*** Opening DATA FOR THE TASK ***

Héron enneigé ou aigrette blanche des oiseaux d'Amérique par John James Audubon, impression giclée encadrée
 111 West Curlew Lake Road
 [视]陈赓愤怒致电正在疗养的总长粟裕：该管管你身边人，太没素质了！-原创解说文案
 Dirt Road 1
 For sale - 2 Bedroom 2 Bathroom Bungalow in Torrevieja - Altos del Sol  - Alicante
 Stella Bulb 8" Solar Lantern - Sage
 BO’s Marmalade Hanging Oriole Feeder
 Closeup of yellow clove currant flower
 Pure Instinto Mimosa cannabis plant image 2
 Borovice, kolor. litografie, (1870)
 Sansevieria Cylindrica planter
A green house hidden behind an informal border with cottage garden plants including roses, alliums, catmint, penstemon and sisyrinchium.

*** Closing DATA FOR THE TASK ***

Exact duplication is required for the lines above, from the line that contains "[视]陈赓愤怒致电正在疗养的" to the line that contains "Sansevieria Cylindrica planter", inclusive; omit all others.

## EXERCISE SOLUTION
 [视]陈赓愤怒致电正在疗养的总长粟裕：该管管你身边人，太没素质了！-原创解说文案
 Dirt Road 1
 For sale - 2 Bedroom 2 Bathroom Bungalow in Torrevieja - Altos del Sol  - Alicante
 Stella Bulb 8" Solar Lantern - Sage
 BO’s Marmalade Hanging Oriole Feeder
 Closeup of yellow clove currant flower
 Pure Instinto Mimosa cannabis plant image 2
 Borovice, kolor. litografie, (1870)
 Sansevieria Cylindrica planter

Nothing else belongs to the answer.